Gogun hält es für ausgeschlossen, dass Putin einen Dritten Weltkrieg vorbereitet. Die strategischen Rahmenbedingungen hätten sich verändert, weil die nukleare Abschreckung im Raketenzeitalter das Prinzip der gegenseitig garantierten Zerstörung etabliert habe.

Auch westliche Stellen sähen keine Hinweise darauf, dass Russland Atomwaffen real in eine operative Einsatzbereitschaft versetzt habe. Zudem sei Russland militärisch gebunden, was die Frage aufwerfe, wie ein globaler Krieg plausibel sein soll, wenn bereits ein regionaler Krieg nicht entschieden wird.

Realistisch seien lediglich hybride Angriffe, die bereits beobachtet würden und an Intensität gewinnen könnten. Eine direkte militärische Konfrontation mit der NATO schließt Gogun aus und rät den Mitgliedstaaten, den Blick eher auf konkrete Verwundbarkeiten zu richten.

Was diese Analyse für Deutschland bedeutet

Für Deutschland ergibt sich daraus vor allem eine nüchterne Lehre für Wirtschaft und Sicherheit. Der Umgang mit autoritären Regimen erfordert historische Kenntnis, strategische Klarheit und eine realistische Einschätzung der Anpassungsfähigkeit solcher Systeme.

Gerade deutsche Unternehmen sollten die Widerstandsfähigkeit von Diktaturen nicht unterschätzen und Abhängigkeiten kritisch prüfen. Wer auf schnelle Geschäfte unter politischem Risiko setzt, erhöht die Gefahr, in Sanktionskonflikte, Reputationsschäden und sicherheitspolitische Spannungen hineingezogen zu werden.

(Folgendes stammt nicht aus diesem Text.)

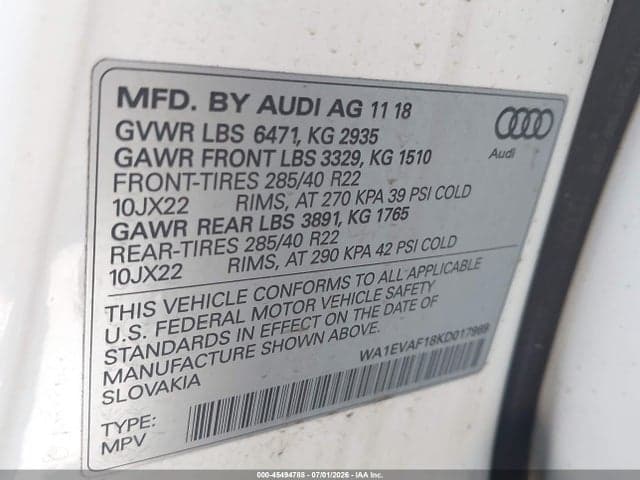 2019 AUDI Q8 55 PREMIUM 9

Die historische Perspektive legt nahe, wirtschaftlichen Pragmatismus stets mit politischer Weitsicht zu verbinden. Für Deutschland bedeutet das, Investitionsentscheidungen, Lieferketten und Technologiekooperationen so auszurichten, dass kurzfristige Vorteile nicht zu langfristigen strategischen Kosten werden.